- _EXERCISE DESCRIPTION_: With the pictures left out, print exactly the lines below that run from the one containing "Dünyada ilk kez" through the one containing "jimenez losantos-9788484606420 la".

- _TASK DATA_:
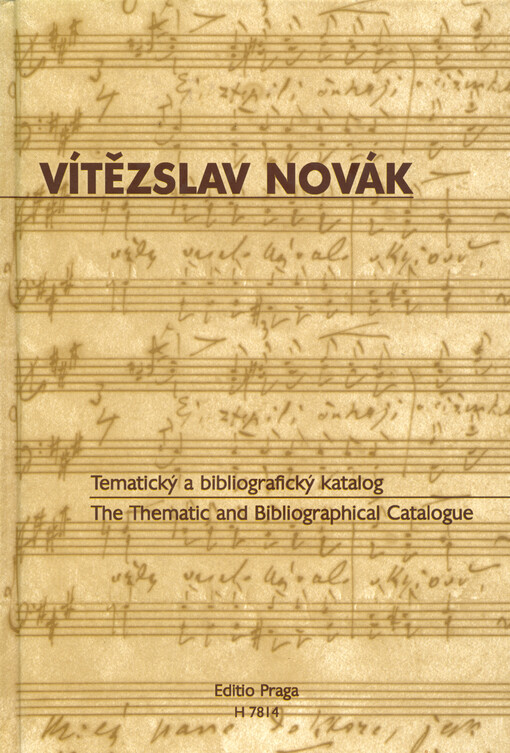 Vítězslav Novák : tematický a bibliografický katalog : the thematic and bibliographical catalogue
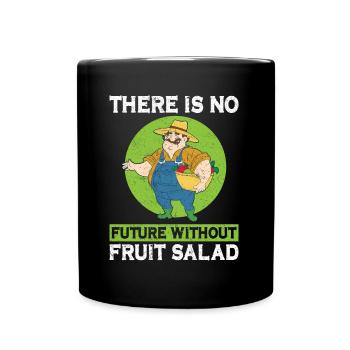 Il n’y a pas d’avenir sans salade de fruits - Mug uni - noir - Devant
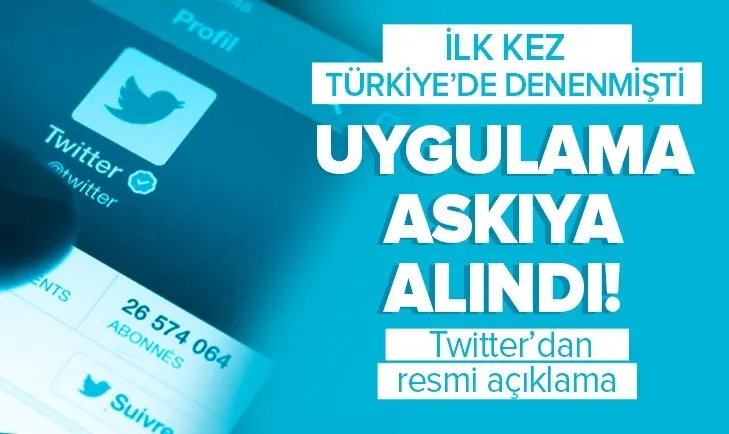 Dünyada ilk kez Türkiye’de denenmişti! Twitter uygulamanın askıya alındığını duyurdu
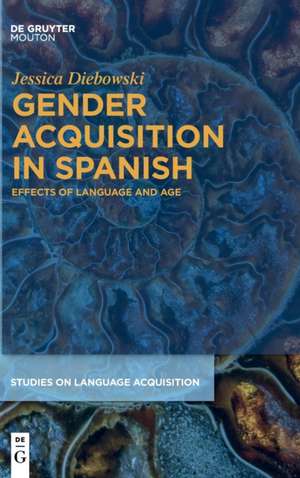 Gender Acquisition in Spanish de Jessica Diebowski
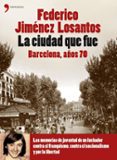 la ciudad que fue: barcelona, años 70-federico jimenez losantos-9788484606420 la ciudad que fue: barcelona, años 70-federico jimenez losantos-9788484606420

* * *

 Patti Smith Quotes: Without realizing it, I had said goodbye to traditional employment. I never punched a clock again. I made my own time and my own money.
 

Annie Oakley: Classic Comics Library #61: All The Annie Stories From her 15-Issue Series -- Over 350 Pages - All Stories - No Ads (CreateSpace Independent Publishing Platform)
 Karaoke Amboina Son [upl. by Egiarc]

- _TASK RESPONSE_:
 Dünyada ilk kez Türkiye’de denenmişti! Twitter uygulamanın askıya alındığını duyurdu
 Gender Acquisition in Spanish de Jessica Diebowski
 la ciudad que fue: barcelona, años 70-federico jimenez losantos-9788484606420 la ciudad que fue: barcelona, años 70-federico jimenez losantos-9788484606420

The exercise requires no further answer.